Back pain app ‘an empowering tool’

(13/10/2014) An app for people with the chronic back pain condition, ankylosing spondylitis (AS), has been likened to having a ‘physio on your phone’.

AS is a type of inflammatory arthritis that primarily affects the spine. It can lead to stiffness, tenderness and discomfort and symptoms typically start in the late teens and early 20s.

The condition can also cause pain or swelling in other parts of the body, such as the shoulders, hips, knees and small joints of the hands and feet.

According to Seoirse Smith, secretary of the Ankylosing Spondylitis Association of Ireland (ASAI), if diagnosed early, AS is ‘very manageable’ as long as good general health is maintained. This includes a good exercise regime. However, she acknowledged that whether you have AS or not, ‘it can be difficult to stay motivated to exercise and to know what the best exercises for you are’.

This is where the SUAS (Supporting and Understanding AS) app comes in. Originally launched as an iOS version last year, it has now become available for android users.

“The app can act as a ‘physio-on-your-phone’ to encourage AS patients to undertake regular exercises, as instructed by their physiotherapist, to help improve AS symptoms in the long-term. It can also benefit those living in areas of the country with limited access to fitness or health amenities,” the ASAI said.

Ms Smith pointed out that since its initial launch last October, it has been downloaded by iPhone users more than 1,000 times and it is hoped that by making it available to android users, many more people will avail of it.

“It is an empowering tool which should be available to all AS patients to assist them in better managing their condition. So far, it has provided people with AS with educational information, a library of instructional exercise videos, from beginner to advanced levels, and the ability to track and monitor the user’s progress over time,” she explained.

Commenting on the condition, Dr Claire Sheehy, a consultant rheumatologist at University Hospital Waterford, emphasised that early detection of the condition is vital.

“AS is associated with inflammation of joints in the spine which may cause the bones to fuse. This may be very painful. Early detection is vital, as if left untreated, it can lead to permanent stiffening of the spine.
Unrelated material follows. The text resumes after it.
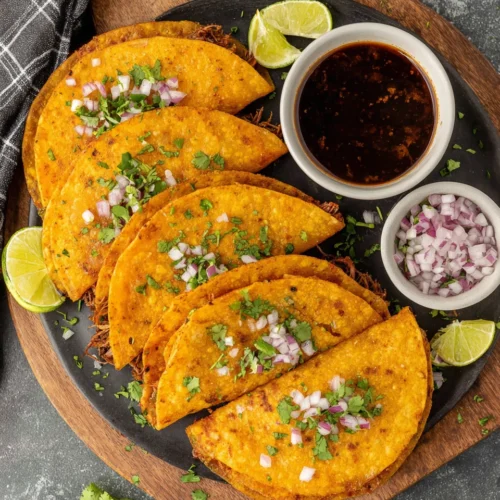 Enjoy savory crock pot birria tacos with vibrant garnishes.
However with proper management and exercise, those with AS can live a normal lifestyle and continue doing the things they enjoy,” she noted.

She pointed out that regular mobility exercises are ‘an essential part of managing AS’ in order to reduce stiffness and pain.
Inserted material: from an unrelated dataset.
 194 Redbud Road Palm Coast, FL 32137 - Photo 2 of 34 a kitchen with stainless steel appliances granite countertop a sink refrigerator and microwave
“As a flexible, on-the-go tool, SUAS supports those with AS to manage key aspects of daily lifestyle, including managing symptoms, maintaining posture and working with AS,” she added.

People using the app have the option to complete simple surveys to establish their level of functionality and keep track of their ‘score’ over time as they exercise and improve their flexibility and strength.

They can also keep a record of this and discuss it with their doctor or physiotherapist.

The SUAS app is free to download from the Play and App Stores and an educational booklet is also available to download from the ASAI site here

The app was developed by the ASAI in partnership with University Hospital Waterford and is supported by Pfizer.